*Exercise goal*: From the material below, reproduce exactly the stretch of lines that begins with the line holding "LUIGI BORRELLI NAPOLI - Blazers" and ends with the line holding "Ford Ranger Help?", skipping the pictures.

___ Data for review

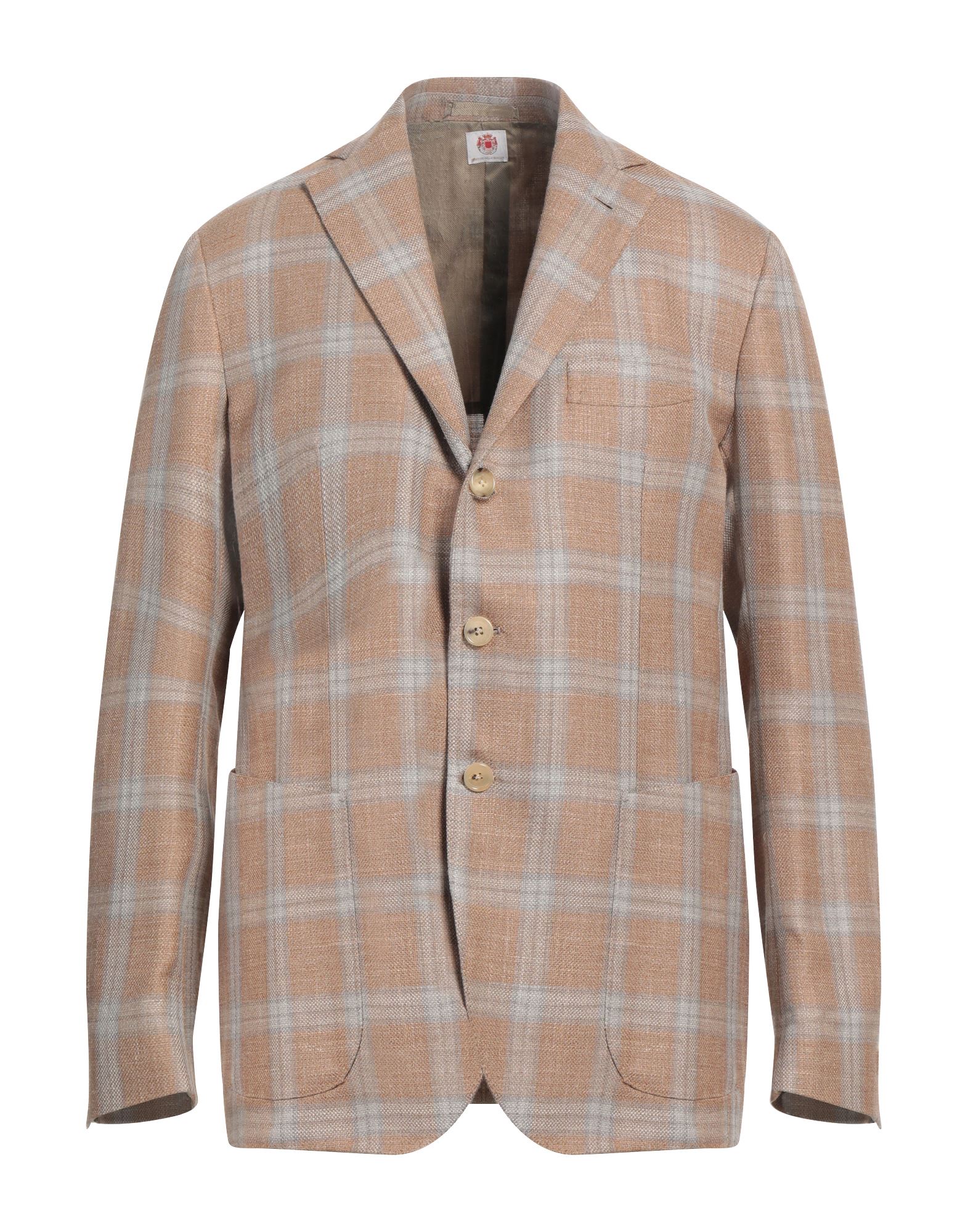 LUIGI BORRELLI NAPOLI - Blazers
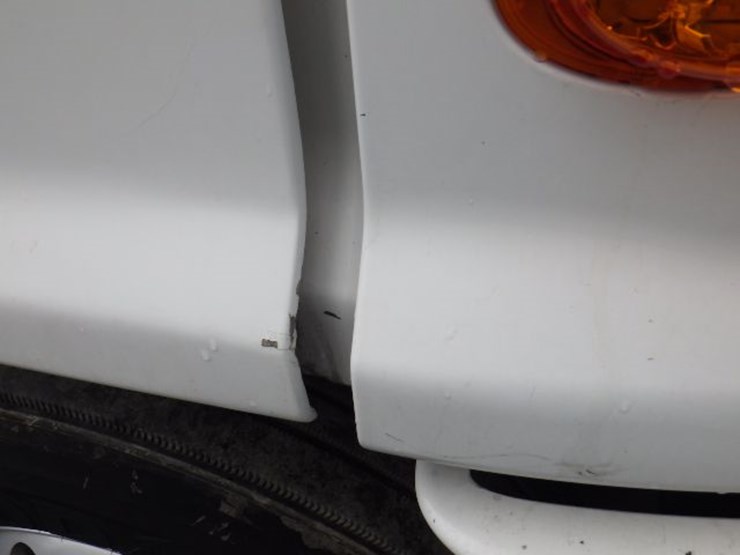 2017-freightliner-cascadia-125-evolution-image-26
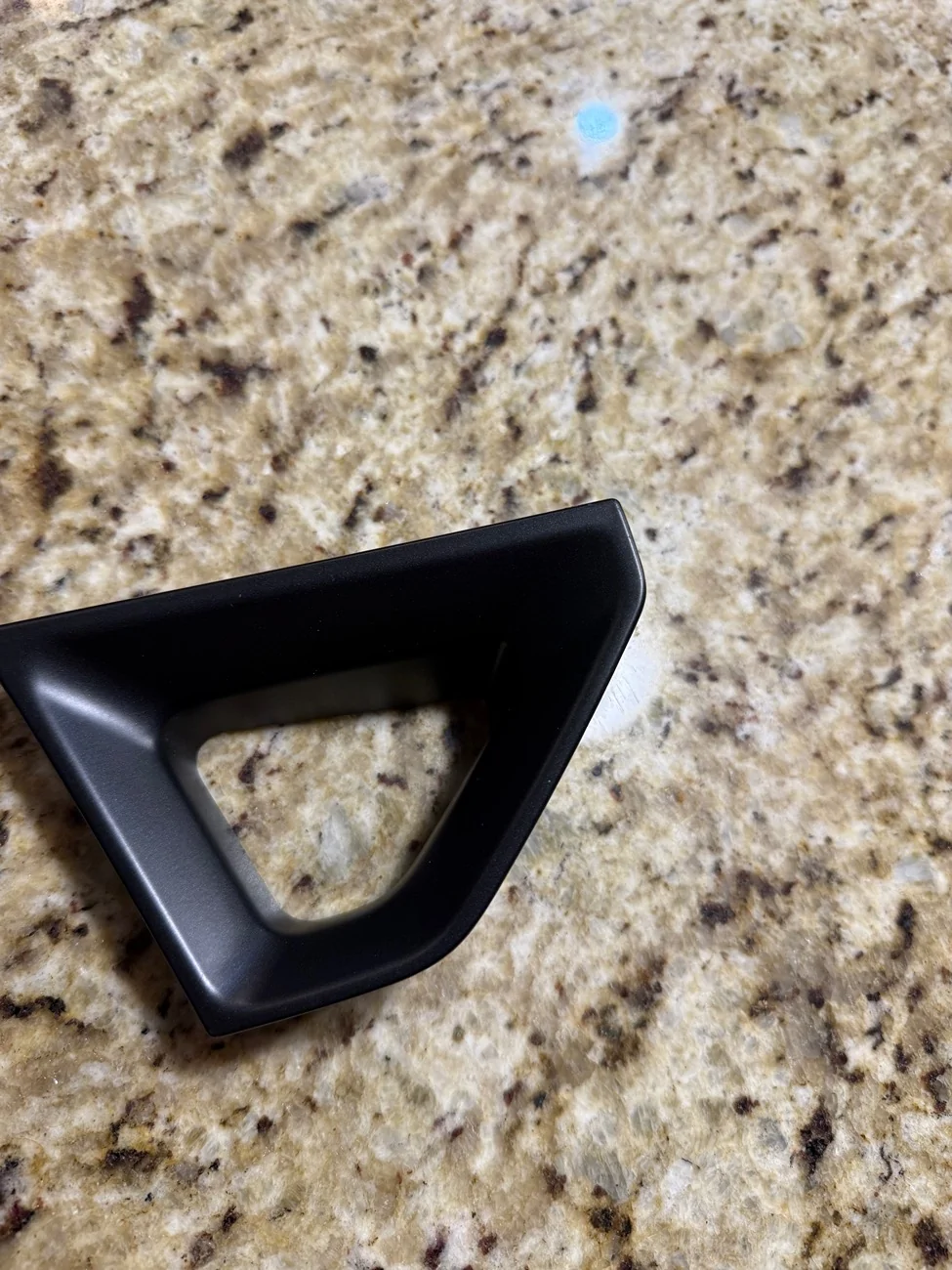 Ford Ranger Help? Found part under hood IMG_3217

______
___ Data for review

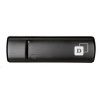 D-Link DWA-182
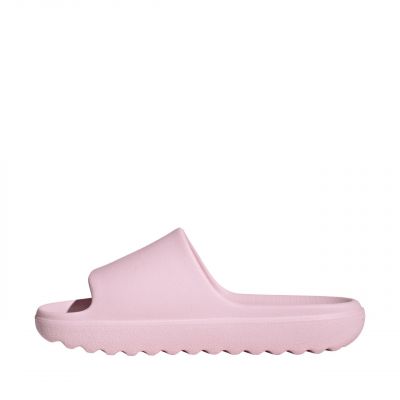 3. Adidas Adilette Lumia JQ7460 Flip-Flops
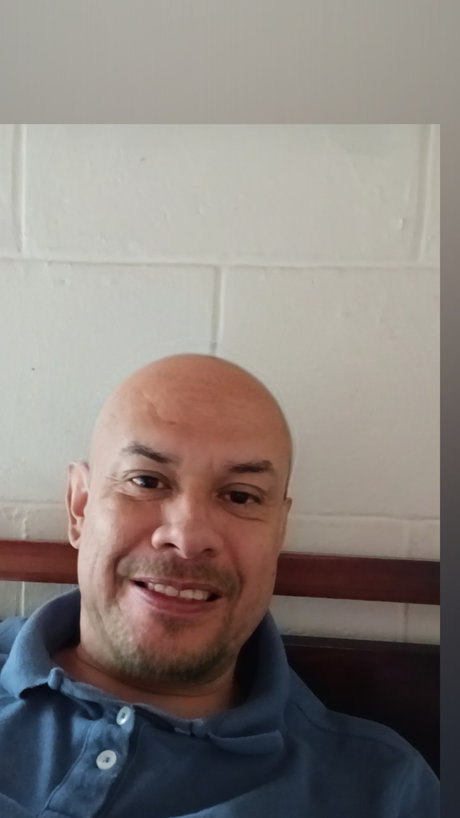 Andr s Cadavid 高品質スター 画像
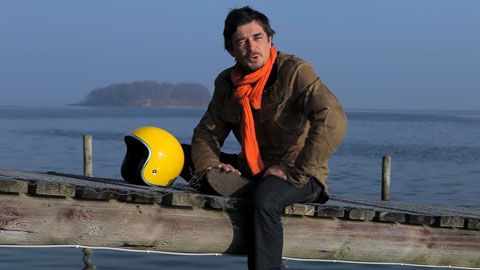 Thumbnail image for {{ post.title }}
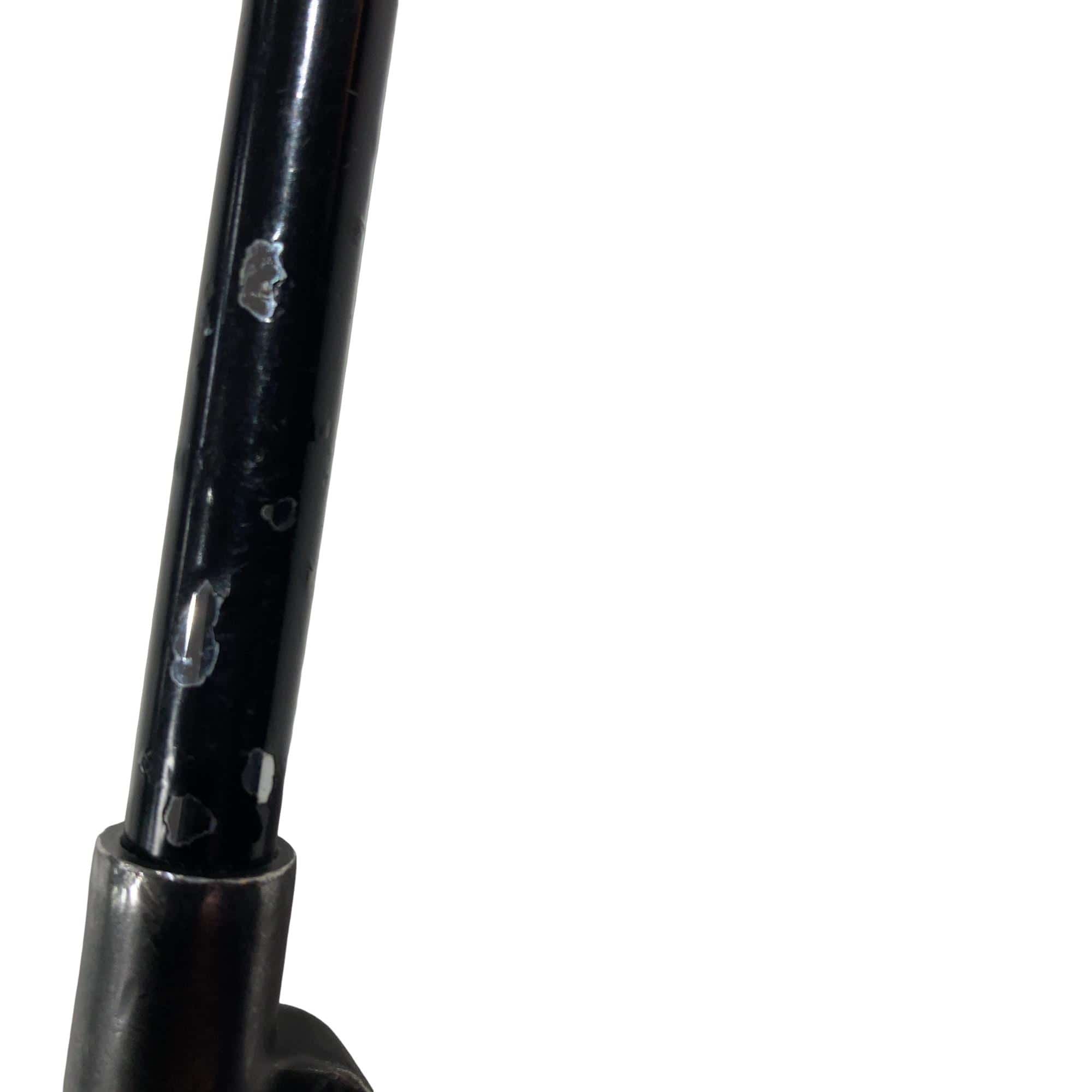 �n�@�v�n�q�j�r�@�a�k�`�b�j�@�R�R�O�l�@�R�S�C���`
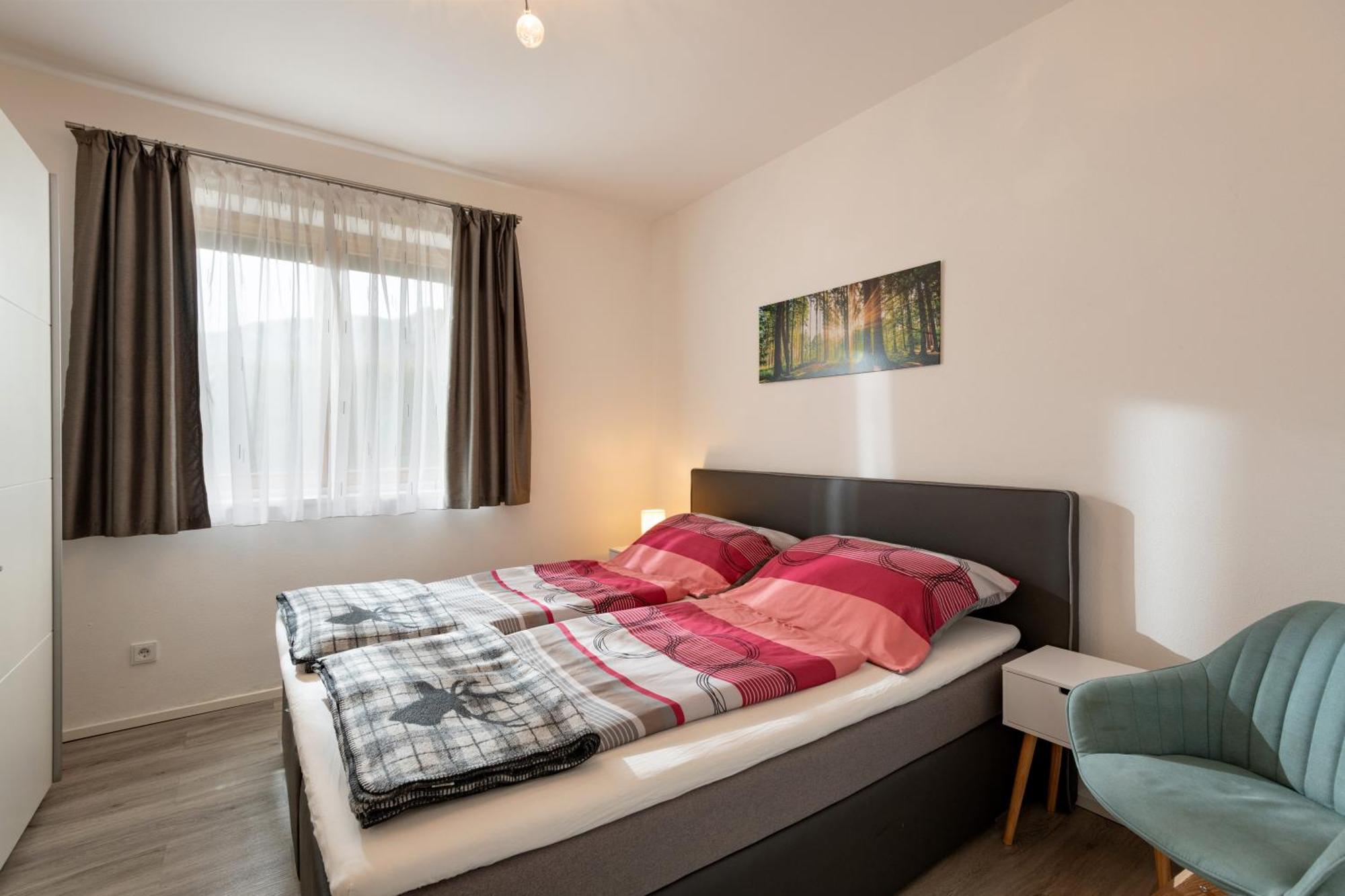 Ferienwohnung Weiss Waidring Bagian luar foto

______
___ Data for review

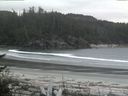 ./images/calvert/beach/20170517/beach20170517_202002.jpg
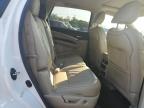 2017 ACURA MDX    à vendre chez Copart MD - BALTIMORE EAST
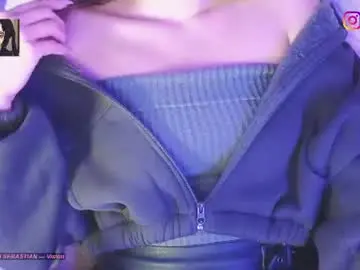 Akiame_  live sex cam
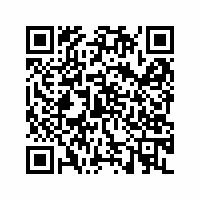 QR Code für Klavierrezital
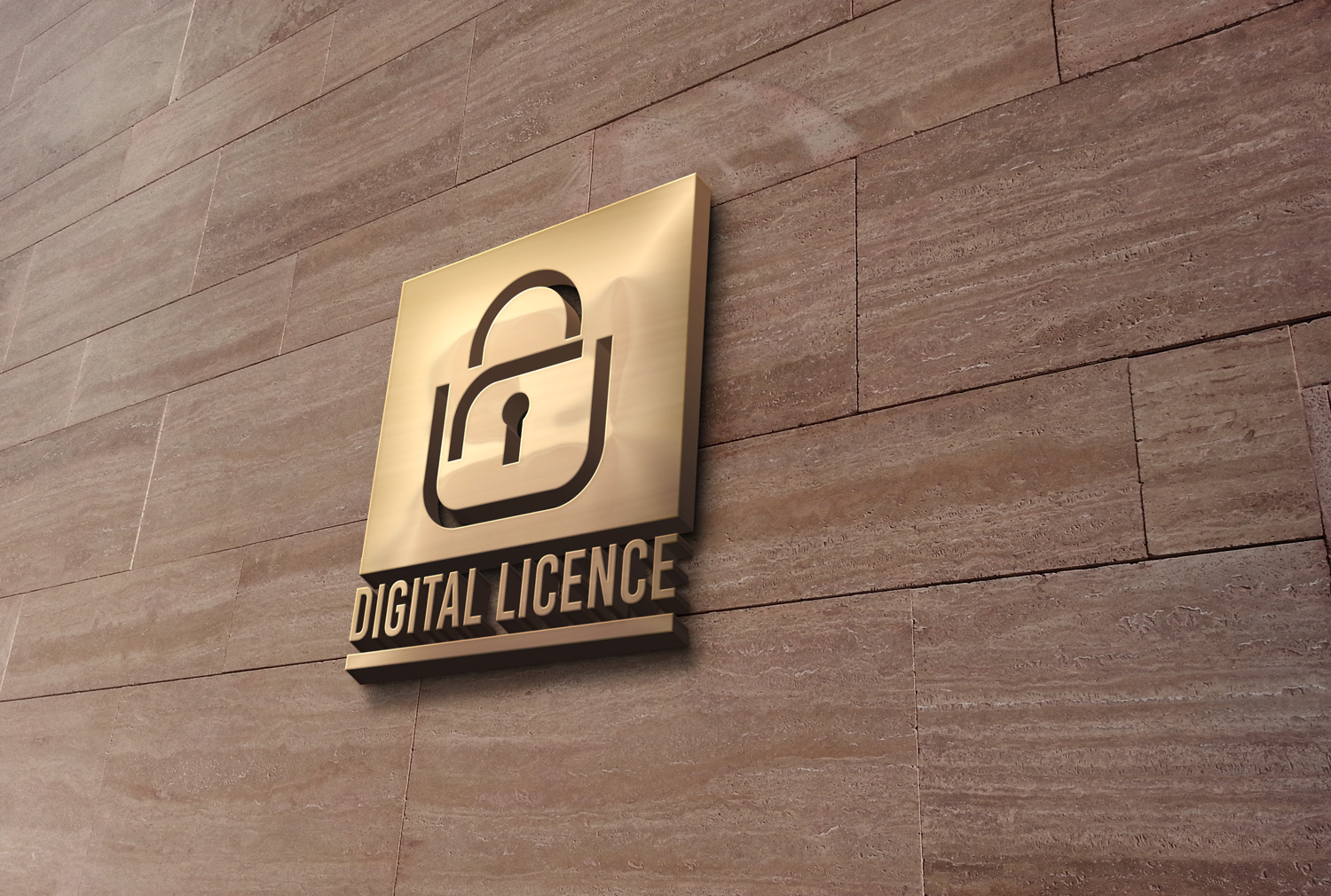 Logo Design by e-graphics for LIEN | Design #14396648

______

*Your response*:
 LUIGI BORRELLI NAPOLI - Blazers
 2017-freightliner-cascadia-125-evolution-image-26
 Ford Ranger Help? Found part under hood IMG_3217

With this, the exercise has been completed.